Among various initiatives to help contain costs and maximize profits, some can produce obvious results that are relatively easy to calculate: switching to a more efficient fuel source, if possible, is one such example. Yet, other less obvious measures can produce equally significant results at the bottom line. A cost-containment initiative that easily escapes recognition involves evaluating the choice of Continuous Emissions Monitoring (CEM) protocol calibration gases.

In 2003, the Environmental Protection Agency conducted a “blind” audit in which new cylinders of protocol calibration gases produced by various suppliers of specialty gases were purchased from an electrical power plant. EPA then sent the cylinders to an independent third party — a testing laboratory where they were analyzed against National Institute of Standards and Technology (NIST) standards, which are regarded as being the most accurate metrological standards available and, thus, often used in the preparation of high-end calibration gases. The audit results showed substantial, if not alarming, variations in the accuracy of the protocol gases examined. Some of the gases were off by 8%. EPA has posted the audit results on its website: www.epa.gov/airmarkets/monitoring/calgasauditpassfail.xls.

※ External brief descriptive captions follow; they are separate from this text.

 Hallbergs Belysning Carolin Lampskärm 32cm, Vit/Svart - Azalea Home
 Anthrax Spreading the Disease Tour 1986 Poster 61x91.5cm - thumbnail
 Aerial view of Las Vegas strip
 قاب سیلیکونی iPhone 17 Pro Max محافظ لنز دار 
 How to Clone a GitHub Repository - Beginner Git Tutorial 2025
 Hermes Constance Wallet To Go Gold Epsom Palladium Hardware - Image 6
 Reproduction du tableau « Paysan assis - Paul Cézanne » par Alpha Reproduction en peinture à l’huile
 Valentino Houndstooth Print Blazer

When considering whether inaccuracy of a calibration gas really matters, emissions credits — beyond basic compliance issues — are worth noting. Due to faulty preparation or degradation in the cylinder, a calibration gas may provide less accuracy than what is stated on the tag (tag value). Since the tag cites the minimum EPA requirement of ±2% accuracy, contents may still be in the clear regarding actual compliance. Nevertheless, while the tag value is typically assumed to be correct, unless the cylinder certification has expired, EPA's audit results suggest that what is in the cylinder probably does not match what is stated. And, when an environmental calibration gas goes bad, it results in a “too-sensitive” CEM calibration, i.e., it will report inflated emissions values. Accordingly, the number of tons emitted of SO₂, NO_x, CO₂, or VOCs will be overstated, thus losing tens, if not hundreds, of thousands of dollars in emission credits, all due to inaccurate calibration gas.

For example, in the case of a coal-fired cement kiln that emits 10,700 tons of NOx per year, CEM is calibrated using a gas whose accuracy is off by 1%; thus, it incorrectly measures and overstates NOx emissions. Translating this apparently small error to the plant's bottom line, based on NOx credits valued at approximately $2,300/ton, the overstatement will cost the company $246,100 worth of emissions credits it could have banked or traded (1% of 10,700 = 107 tons x $2,300/ton of NOx). Exacerbating matters, since a CEM is essentially a SO₂/NOx/VOC billing meter for both credit trading and for tax purposes, inflated Title V emission fees will be paid to the tune of $45/ton — an additional unnecessary expense of $4,815. Overall, while the plant remains in compliance with EPA regulations, the combined hidden loss totals $250,915.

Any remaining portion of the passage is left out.